Hmmm. I find the 'swivel' advantageous when I'm dodging well-thrown beer bottles and chicken bones. Don't want to miss the groove.


----------



## bzrkrage (Mar 20, 2011)

Here’s my little sweet recording room chair.










Sent from my other brain.


----------



## Alex (Feb 11, 2006)

I've had this chair from Soundseat for over 6 months now. Super comfy, good back support and designed for guitarists.


----------



## knight_yyz (Mar 14, 2015)

@SWLABR We have these all over the place at work. By far the most uncomfortable things in the world to sit on. Could not imagine playing guitar on these things.


----------



## knight_yyz (Mar 14, 2015)

This looks comfy. Its actually a chair used by a welder. 

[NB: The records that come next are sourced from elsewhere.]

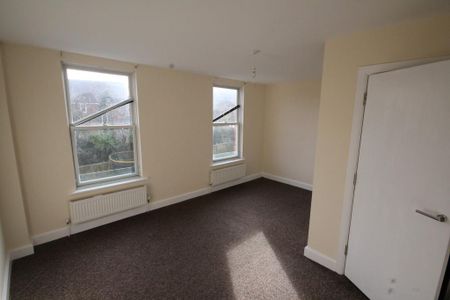 3 bedroom townhouse to rent - Photo 2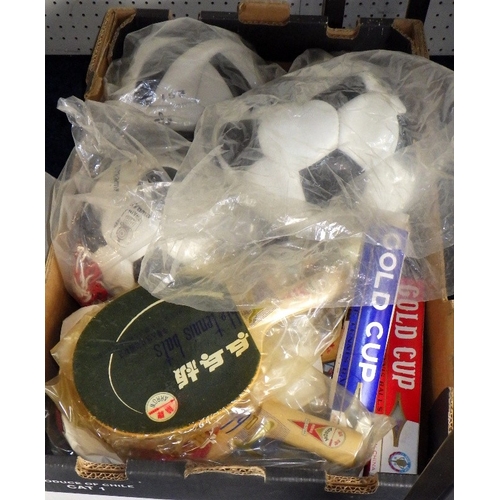 82 - A large qty of misc to inc footballs, ping pong, cycling accessories, bags etc (qty)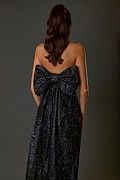 Maxi evening dress with a train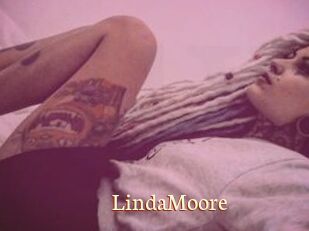 Linda_Moore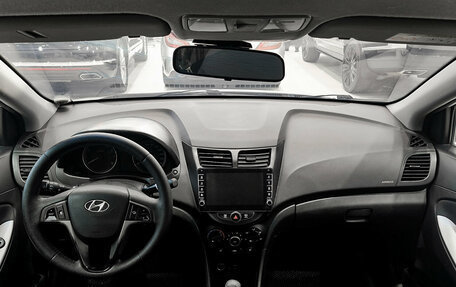 Hyundai Solaris II рестайлинг, 2016 год, 880 000 рублей, 18 фотография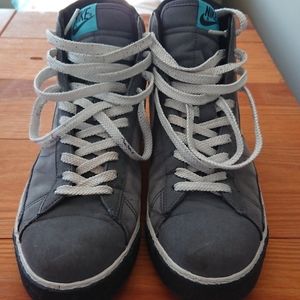 Nike Blazers High-top sz 11.5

I use this at work for tig welding. Can sit on this thing for hours with zero pain. Problem is I could almost buy another guitar or this chair. LOL


----------



## SWLABR (Nov 7, 2017)

knight_yyz said:


> @SWLABR We have these all over the place at work. By far the most uncomfortable things in the world to sit on. Could not imagine playing guitar on these things.


Ha, Ha... yep!! We'd have to take the backrest off the one in the far back of this picture to be exact to the one he uses, but that's what he rides for the entire gig!


----------